Ms. Powell Jobs has tiptoed into the public sphere, pushing her agenda in education as well as global conservation, nutrition and immigration policy. ... [She] has a net worth estimated at $11.5 billion, according to Bloomberg, most of it in shares of the Walt Disney Company. ...
Ms. Powell Jobs has become a leader in pushing for decade-old legislation known as the Dream Act, a measure that would provide legal status for immigrants who arrived in the country as young children. Last December, she enlisted the Academy Award-winning documentary filmmaker Davis Guggenheim to make a documentary about immigration. The two had met through their work in education; Mr. Guggenheim’s most recent film, “Waiting for Superman,” examined the crisis in America’s public schools.
“Laurene asked me how much time I needed to make a movie, and I told her about a year and a half,” Mr. Guggenheim said. “But she said that she needed something done in three months because the legislation was coming up for a vote.”
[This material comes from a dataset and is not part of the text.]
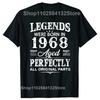 Funny 56 Years Old Vintage 1968 Limited Edition 56th Tee Tops Round Neck Short-Sleeve Fashion Tshirt Clothing Basic T-shirts
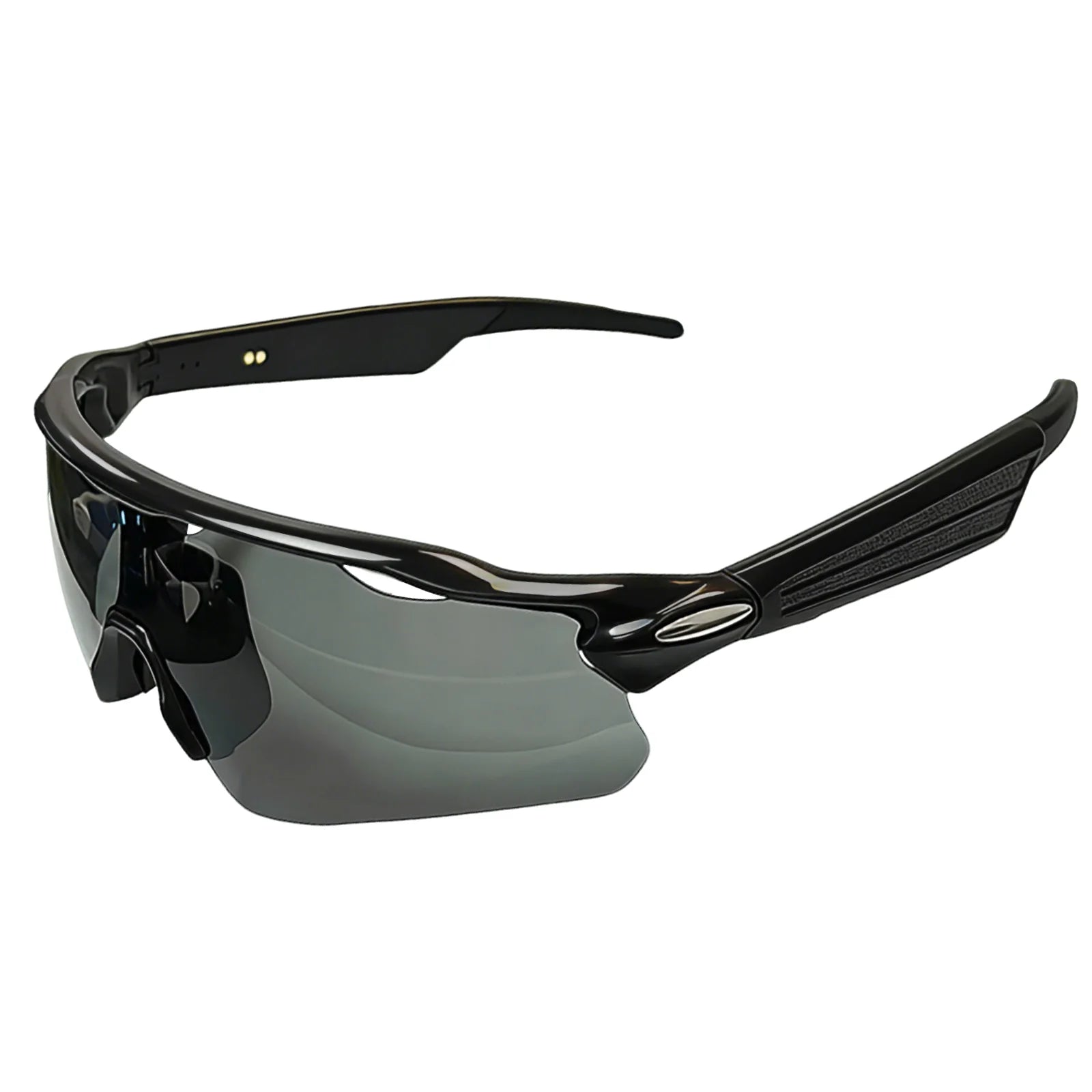 Lightweight frameless sports smart sunglasses, polarized lens, Bluetooth open-ear audio for outdoor sports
So instead of a creating a big feature with a broad theatrical release, Ms. Powell Jobs commissioned a 30-minute film, “The Dream Is Now,” which is viewable online and being shown at college campuses across the country. Last month, Ms. Powell Jobs and Mr. Guggenheim traveled to Washington with several young immigrants and their families who were featured in the film; the purpose of the trip was to screen the documentary for a group of lawmakers on Capitol Hill.
I find it admirable that Laurene Powell Jobs is putting her riches to use helping people that need assistance. It would be so much easier to pass the time shopping or sleeping on a Maui beach; the fact that she's trying to improve lives says a lot about her values and character.
1 comments:
Steve Jobs did things right. Looks like he married the right woman as well.